We live in a world where the ability to sleep peacefully has become a heaven sent gift for many. And if our eyes despair the glare of lights and the silence of darkness, who do we blame?

A consistent sleeping schedule is considered vital for everything healthy we can think of. An ideal 8 hours of sleep is considered good. It aligns the body clock, solves skin problems, solves body problems, may not solve mental problems, but is anyone actually interested in that?

For many people, their minds are timeless machines, they exist to never cease, something just around the crevices ready to burst at the forefront, and sleep leaves for a better partner.

For some, it can be a long drawn ailment, for some it can be a recent occurrence.

For everyone, it is the silent misery against which the eyes protest, and the mind wins.

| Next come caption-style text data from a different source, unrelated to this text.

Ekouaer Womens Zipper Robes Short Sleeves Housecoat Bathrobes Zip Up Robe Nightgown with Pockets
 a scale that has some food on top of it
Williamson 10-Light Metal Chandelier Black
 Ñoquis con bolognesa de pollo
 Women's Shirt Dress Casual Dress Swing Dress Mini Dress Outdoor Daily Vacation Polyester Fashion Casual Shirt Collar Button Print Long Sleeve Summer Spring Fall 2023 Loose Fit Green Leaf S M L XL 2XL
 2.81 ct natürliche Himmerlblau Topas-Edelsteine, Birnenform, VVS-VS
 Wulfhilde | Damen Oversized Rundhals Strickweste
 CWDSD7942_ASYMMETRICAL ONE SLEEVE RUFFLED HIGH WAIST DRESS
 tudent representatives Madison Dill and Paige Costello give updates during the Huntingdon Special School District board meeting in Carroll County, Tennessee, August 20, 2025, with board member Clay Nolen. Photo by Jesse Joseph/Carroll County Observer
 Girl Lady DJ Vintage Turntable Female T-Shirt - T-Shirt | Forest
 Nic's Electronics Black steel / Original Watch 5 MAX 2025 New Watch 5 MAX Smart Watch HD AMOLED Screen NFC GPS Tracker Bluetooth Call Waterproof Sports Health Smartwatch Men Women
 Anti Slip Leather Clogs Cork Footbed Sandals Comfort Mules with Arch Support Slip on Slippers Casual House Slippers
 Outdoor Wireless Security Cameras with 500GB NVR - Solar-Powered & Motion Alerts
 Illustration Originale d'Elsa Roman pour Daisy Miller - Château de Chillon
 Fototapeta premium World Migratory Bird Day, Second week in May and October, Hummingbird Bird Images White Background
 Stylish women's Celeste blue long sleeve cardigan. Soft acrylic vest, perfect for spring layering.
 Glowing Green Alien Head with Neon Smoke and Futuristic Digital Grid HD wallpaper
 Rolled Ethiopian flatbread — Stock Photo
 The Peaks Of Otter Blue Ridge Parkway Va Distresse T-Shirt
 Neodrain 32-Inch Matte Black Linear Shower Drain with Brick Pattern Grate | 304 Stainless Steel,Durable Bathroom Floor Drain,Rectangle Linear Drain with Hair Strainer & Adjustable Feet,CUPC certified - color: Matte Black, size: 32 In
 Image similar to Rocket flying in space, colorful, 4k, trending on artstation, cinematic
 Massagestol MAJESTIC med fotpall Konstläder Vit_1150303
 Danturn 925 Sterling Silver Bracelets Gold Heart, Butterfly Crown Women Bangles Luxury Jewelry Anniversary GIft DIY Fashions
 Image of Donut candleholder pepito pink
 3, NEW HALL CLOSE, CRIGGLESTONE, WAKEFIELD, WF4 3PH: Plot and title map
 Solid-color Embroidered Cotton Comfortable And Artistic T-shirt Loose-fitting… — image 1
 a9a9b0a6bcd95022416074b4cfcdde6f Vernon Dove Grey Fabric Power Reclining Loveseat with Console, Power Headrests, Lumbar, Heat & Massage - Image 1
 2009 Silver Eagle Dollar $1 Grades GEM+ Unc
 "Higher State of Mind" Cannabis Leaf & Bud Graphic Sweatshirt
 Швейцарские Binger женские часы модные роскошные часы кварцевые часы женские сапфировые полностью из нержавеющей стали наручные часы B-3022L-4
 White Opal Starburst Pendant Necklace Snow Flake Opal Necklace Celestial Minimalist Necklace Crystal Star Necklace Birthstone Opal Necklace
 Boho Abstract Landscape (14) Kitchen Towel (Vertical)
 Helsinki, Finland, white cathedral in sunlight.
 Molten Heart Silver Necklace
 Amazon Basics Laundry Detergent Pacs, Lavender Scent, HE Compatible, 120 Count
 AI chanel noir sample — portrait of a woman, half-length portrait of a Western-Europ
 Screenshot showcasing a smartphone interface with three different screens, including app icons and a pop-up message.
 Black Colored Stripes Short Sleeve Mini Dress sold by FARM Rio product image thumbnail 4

Super busy lives, complex relationships, hectic work environment, an overflowing plate of commitments, Insomnia may seem a reasonable outcome.

There’s a visceral beauty to it, the want to sleep and the need to think. Of course, many solutions lie a click away, scented candles, meditation, lo-fi playlists, the plain old lying down for hours, and many still bemoan that nothing works.

Perhaps these solutions are more like companions to the sleepless nights, a sense of camaraderie, like occurrences that keep company to the eyes who delight in sleep but are void of the ability to.

For every night the brain refuses to shut down, the sleep gives way to the sweeping victory of thoughts and dreams scatter in a fantasy that was never meant to be. And perhaps these are the ramblings of a person after a sleepless night, but hey, no judgement. Insomnia happens. And you become your own best friend.